▶ Work order
Repeat the entire listing exactly. Omit all pictures.

▶ Source data
• • •

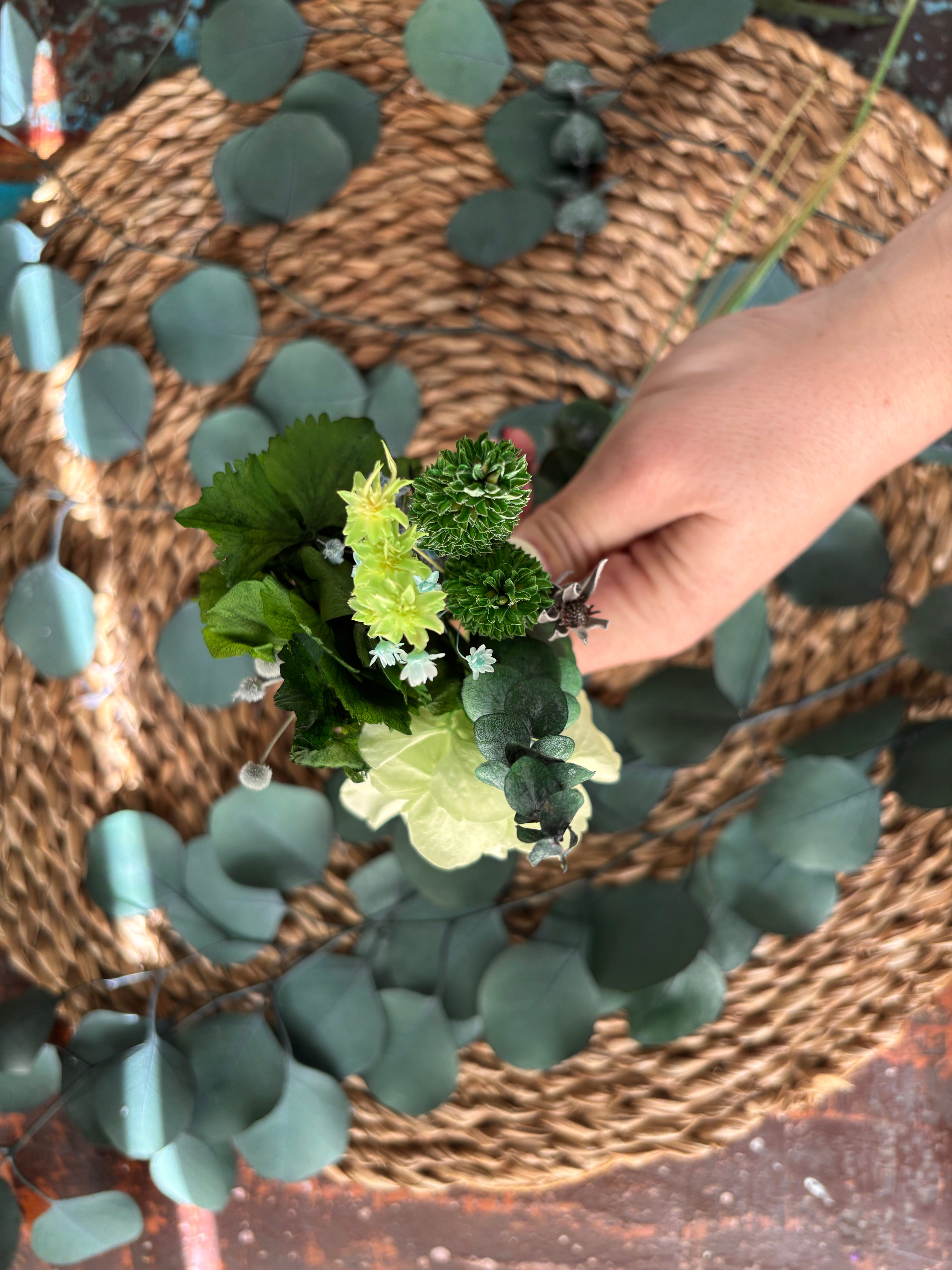 Inicial floral completa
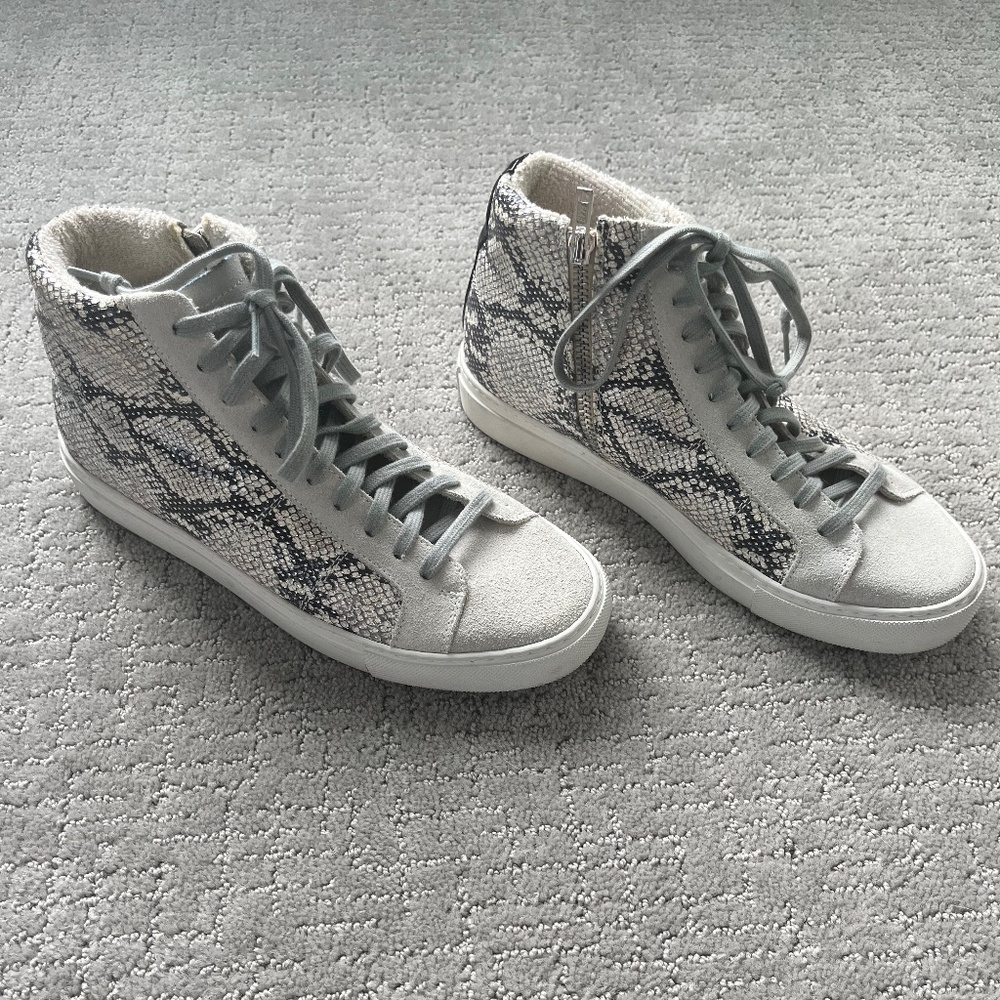 P448 Women's High-Top Sneakers in Light Gray with Snake-Print Panels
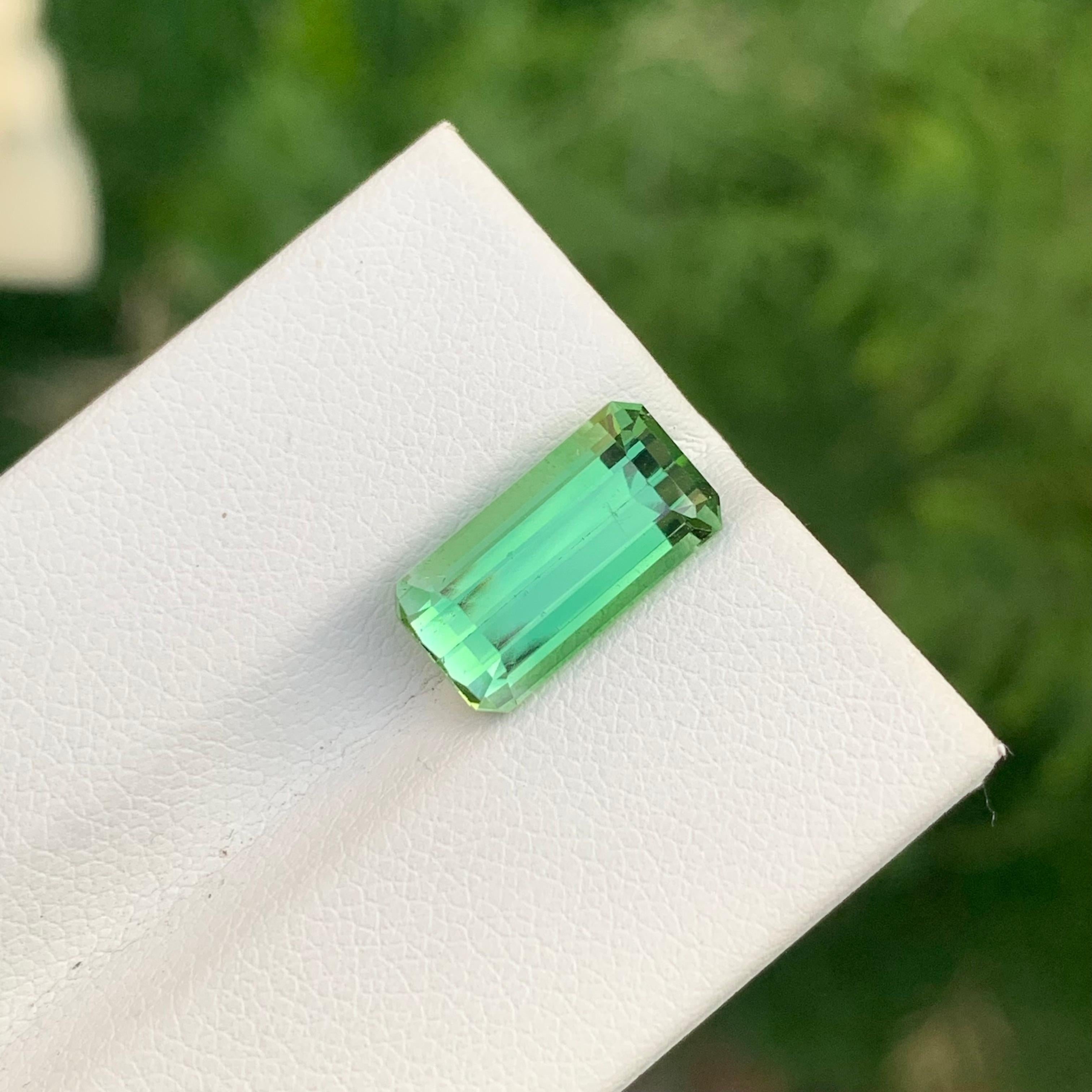 4.50 Karat natürlicher loser grüner Turmalin in Smaragdform aus Afghanistan im Angebot 1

• • •

▶ Response below
 Inicial floral completa
 P448 Women's High-Top Sneakers in Light Gray with Snake-Print Panels
 4.50 Karat natürlicher loser grüner Turmalin in Smaragdform aus Afghanistan im Angebot 1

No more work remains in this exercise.